The theorem "if $G/Z(G)$ is cyclic then $G$ is abelian" is a popular exercise.

But what is the point of this theorem if $G/Z(G)$ can only be cyclic if it is trivial?

Does "$G/Z(G)$ is cyclic" actually appears in other proofs or is it just a popular exercise?

A nice application is in proving that the center of a non-abelian cannot be too large:

If $G$ is a non-abelian finite group, then $|Z(G)| \leq \frac {1}{4} |G|$.

The contrapositive is

If $|Z(G)| > \frac {1}{4} |G|$, then $G$ be is abelian.

Indeed, $|Z(G)| > \frac {1}{4} |G|$ implies that $G/Z(G)$ has order at most $3$, and so is cyclic.

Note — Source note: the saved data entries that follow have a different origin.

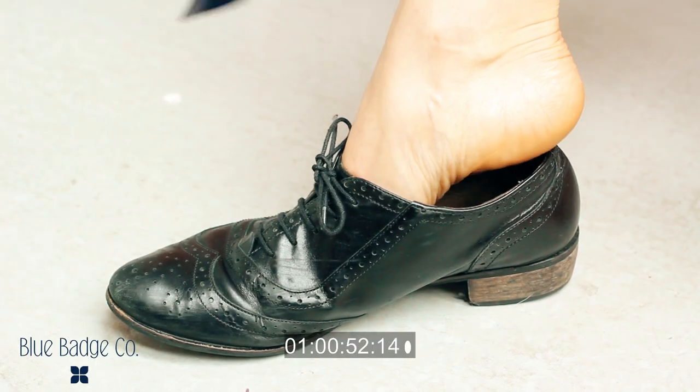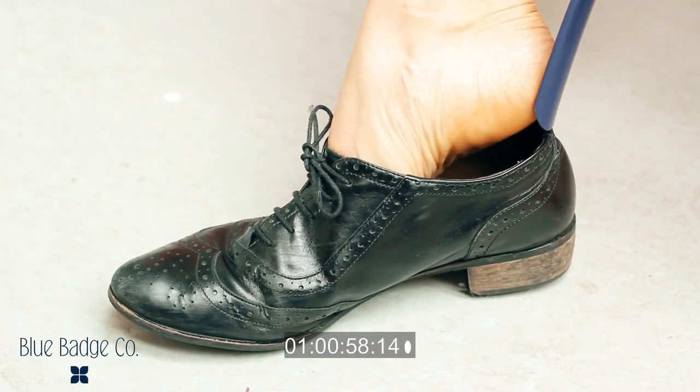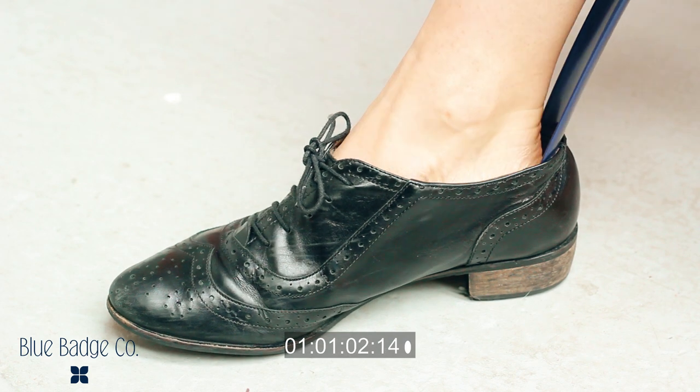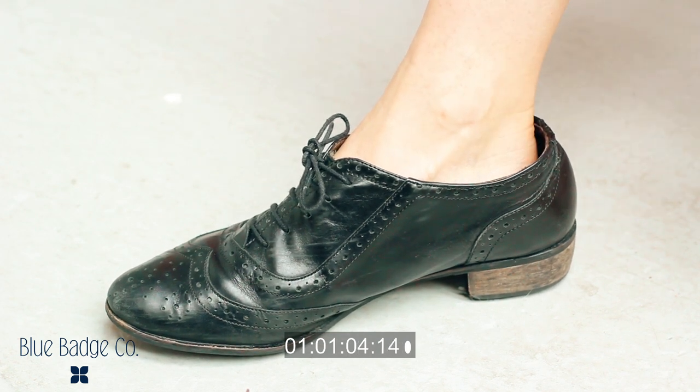Once you've got your toes slightly in, take the shoe horn out and turn it the other way round. You can now put this end into the heel of the shoe and slide your heel down into the back of the shoe horn. Then remove the shoe horn and your shoe will be nicely fitted.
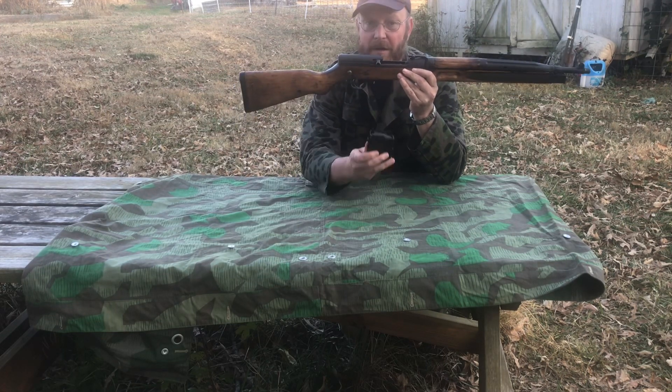It has a side folding bayonet. The release lever is over on the left-hand side — it's not real sharp. There's a muzzle nut attachment on the end, and the piston mechanism is in here.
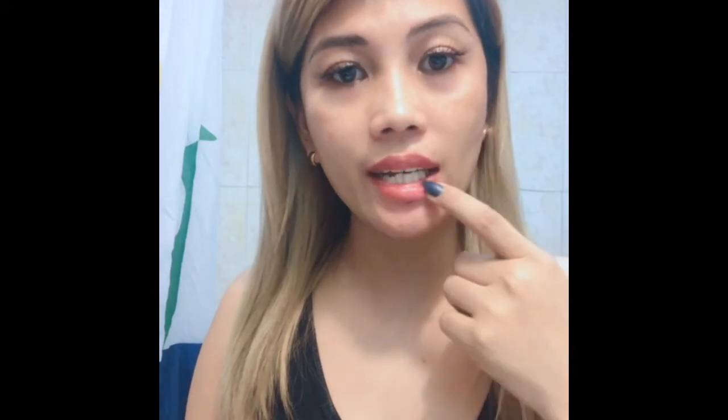Thank you so much — even though we only met on YouTube, I'm very thankful. So now I'm going to share with you how I maintain my pink lips. This is a tattoo, and since one year ago I've done it four times. I'll share my techniques — how I maintain my lips pink — so don't go away, watch until the end.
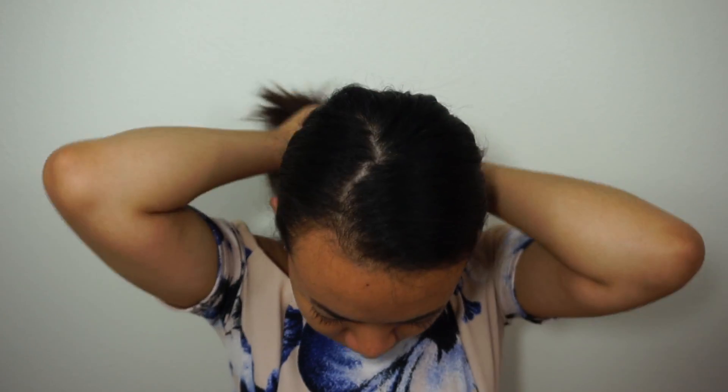Hey everyone, welcome back to my channel! Today I'm going to be showing you guys how I did this cut crease holiday look, so let's get started.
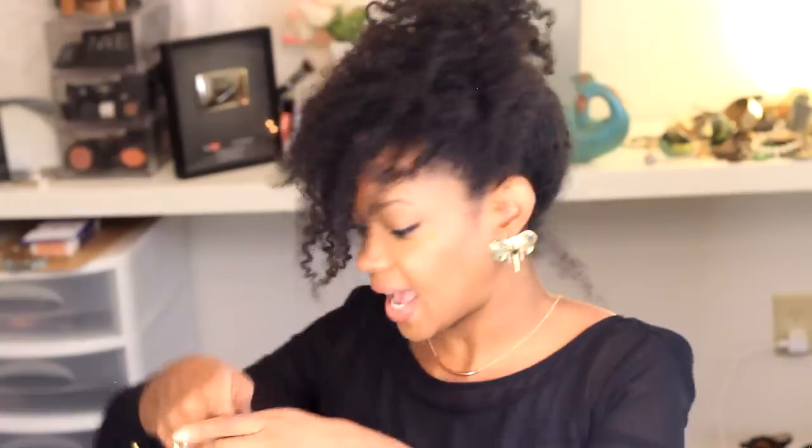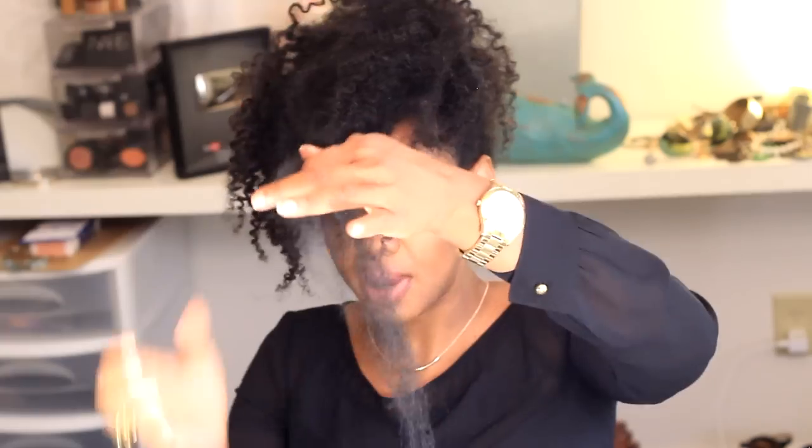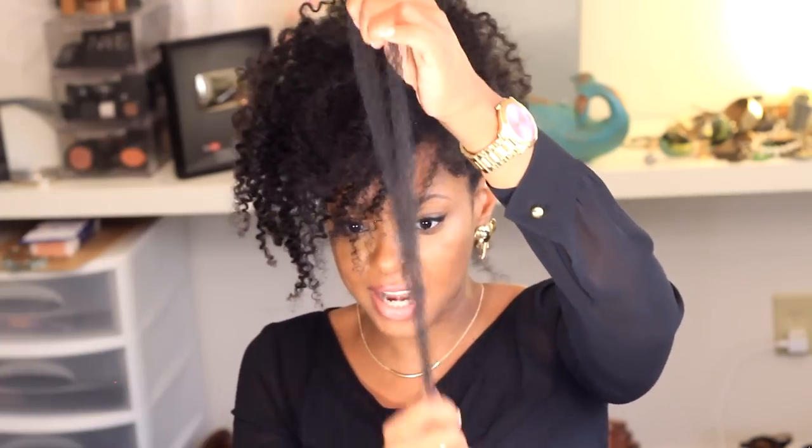Did I use the hair straight out of the pack? No. I would take the hair, comb it first really well, and then pull it a little bit — it's going to shed a little, but that's fine. I would pull it to make sure the ends had that natural, tapered look. The Cuban Twist hair actually already came tapered, so I just had to comb through.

This other question is using the fact that $G/Z(G)$ being cyclic implies that $G$ is abelian to show that non abelian groups of order $pq$ have a trivial center Verification of Proof that a nonabelian group G of order pq where p and q are primes has a trivial center

Say you want to prove the following.

Every group $G$ of order $p^2$ ($p$ is a prime) is abelian.

You can apply this result.

Since $G$ is a $p$-group, it has a non trivial center $Z(G)$.

Therefore $|G/Z(G)|=1$ or $p$.

Therefore $G/Z(G)$ is cyclic and $G$ is abelian.

There are many other applications.